START RAW DATA

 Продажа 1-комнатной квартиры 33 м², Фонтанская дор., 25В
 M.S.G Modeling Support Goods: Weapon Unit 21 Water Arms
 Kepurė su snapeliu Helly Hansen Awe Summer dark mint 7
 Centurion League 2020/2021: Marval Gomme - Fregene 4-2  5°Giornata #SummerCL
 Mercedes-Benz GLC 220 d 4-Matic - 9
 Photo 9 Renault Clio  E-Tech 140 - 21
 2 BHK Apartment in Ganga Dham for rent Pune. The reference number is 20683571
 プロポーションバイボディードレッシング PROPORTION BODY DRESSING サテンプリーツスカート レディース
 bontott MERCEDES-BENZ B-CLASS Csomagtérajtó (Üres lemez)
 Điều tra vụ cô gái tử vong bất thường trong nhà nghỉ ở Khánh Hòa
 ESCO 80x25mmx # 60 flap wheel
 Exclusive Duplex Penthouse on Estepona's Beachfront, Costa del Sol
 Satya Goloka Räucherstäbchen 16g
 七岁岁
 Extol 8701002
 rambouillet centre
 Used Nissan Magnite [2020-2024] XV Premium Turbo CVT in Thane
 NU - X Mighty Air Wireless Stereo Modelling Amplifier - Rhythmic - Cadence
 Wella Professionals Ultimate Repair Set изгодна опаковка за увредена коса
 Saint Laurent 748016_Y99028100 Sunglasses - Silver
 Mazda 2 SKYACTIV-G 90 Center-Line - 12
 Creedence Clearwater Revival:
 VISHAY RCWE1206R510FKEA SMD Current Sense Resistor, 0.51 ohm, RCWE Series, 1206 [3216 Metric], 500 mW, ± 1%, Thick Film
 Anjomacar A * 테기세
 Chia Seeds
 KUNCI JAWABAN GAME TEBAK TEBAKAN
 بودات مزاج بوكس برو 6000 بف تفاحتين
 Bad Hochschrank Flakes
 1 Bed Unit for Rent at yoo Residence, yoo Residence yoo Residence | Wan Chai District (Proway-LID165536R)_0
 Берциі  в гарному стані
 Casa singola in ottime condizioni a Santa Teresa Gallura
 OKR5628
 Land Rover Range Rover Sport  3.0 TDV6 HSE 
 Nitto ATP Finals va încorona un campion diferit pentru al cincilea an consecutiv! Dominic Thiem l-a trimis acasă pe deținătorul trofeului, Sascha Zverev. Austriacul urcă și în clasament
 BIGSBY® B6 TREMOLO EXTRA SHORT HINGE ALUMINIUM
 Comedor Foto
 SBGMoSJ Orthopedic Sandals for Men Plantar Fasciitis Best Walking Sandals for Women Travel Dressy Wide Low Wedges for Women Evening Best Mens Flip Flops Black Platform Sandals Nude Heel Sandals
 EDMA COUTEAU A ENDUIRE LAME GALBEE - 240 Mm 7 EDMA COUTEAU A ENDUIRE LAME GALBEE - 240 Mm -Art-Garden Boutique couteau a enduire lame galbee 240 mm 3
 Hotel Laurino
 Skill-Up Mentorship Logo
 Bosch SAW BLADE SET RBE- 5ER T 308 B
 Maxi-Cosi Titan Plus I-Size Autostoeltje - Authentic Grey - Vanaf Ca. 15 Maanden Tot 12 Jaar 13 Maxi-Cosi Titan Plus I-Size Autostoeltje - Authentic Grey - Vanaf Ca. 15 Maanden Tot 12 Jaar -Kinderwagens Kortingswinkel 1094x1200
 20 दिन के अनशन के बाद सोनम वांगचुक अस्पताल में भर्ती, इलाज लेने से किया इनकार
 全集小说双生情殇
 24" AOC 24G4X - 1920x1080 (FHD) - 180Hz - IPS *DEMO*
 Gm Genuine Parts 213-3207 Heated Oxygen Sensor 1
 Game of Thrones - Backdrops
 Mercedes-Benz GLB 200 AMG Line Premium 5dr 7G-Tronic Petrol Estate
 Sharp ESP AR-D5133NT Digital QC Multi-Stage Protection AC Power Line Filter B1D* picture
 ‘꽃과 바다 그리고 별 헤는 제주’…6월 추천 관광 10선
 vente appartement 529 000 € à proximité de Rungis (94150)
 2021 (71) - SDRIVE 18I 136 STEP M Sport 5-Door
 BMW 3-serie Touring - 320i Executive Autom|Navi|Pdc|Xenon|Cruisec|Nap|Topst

END RAW DATA

Return, line for line and unchanged, the data from its first line through the line containing "Bad Hochschrank Flakes".

 Продажа 1-комнатной квартиры 33 м², Фонтанская дор., 25В
 M.S.G Modeling Support Goods: Weapon Unit 21 Water Arms
 Kepurė su snapeliu Helly Hansen Awe Summer dark mint 7
 Centurion League 2020/2021: Marval Gomme - Fregene 4-2  5°Giornata #SummerCL
 Mercedes-Benz GLC 220 d 4-Matic - 9
 Photo 9 Renault Clio  E-Tech 140 - 21
 2 BHK Apartment in Ganga Dham for rent Pune. The reference number is 20683571
 プロポーションバイボディードレッシング PROPORTION BODY DRESSING サテンプリーツスカート レディース
 bontott MERCEDES-BENZ B-CLASS Csomagtérajtó (Üres lemez)
 Điều tra vụ cô gái tử vong bất thường trong nhà nghỉ ở Khánh Hòa
 ESCO 80x25mmx # 60 flap wheel
 Exclusive Duplex Penthouse on Estepona's Beachfront, Costa del Sol
 Satya Goloka Räucherstäbchen 16g
 七岁岁
 Extol 8701002
 rambouillet centre
 Used Nissan Magnite [2020-2024] XV Premium Turbo CVT in Thane
 NU - X Mighty Air Wireless Stereo Modelling Amplifier - Rhythmic - Cadence
 Wella Professionals Ultimate Repair Set изгодна опаковка за увредена коса
 Saint Laurent 748016_Y99028100 Sunglasses - Silver
 Mazda 2 SKYACTIV-G 90 Center-Line - 12
 Creedence Clearwater Revival:
 VISHAY RCWE1206R510FKEA SMD Current Sense Resistor, 0.51 ohm, RCWE Series, 1206 [3216 Metric], 500 mW, ± 1%, Thick Film
 Anjomacar A * 테기세
 Chia Seeds
 KUNCI JAWABAN GAME TEBAK TEBAKAN
 بودات مزاج بوكس برو 6000 بف تفاحتين
 Bad Hochschrank Flakes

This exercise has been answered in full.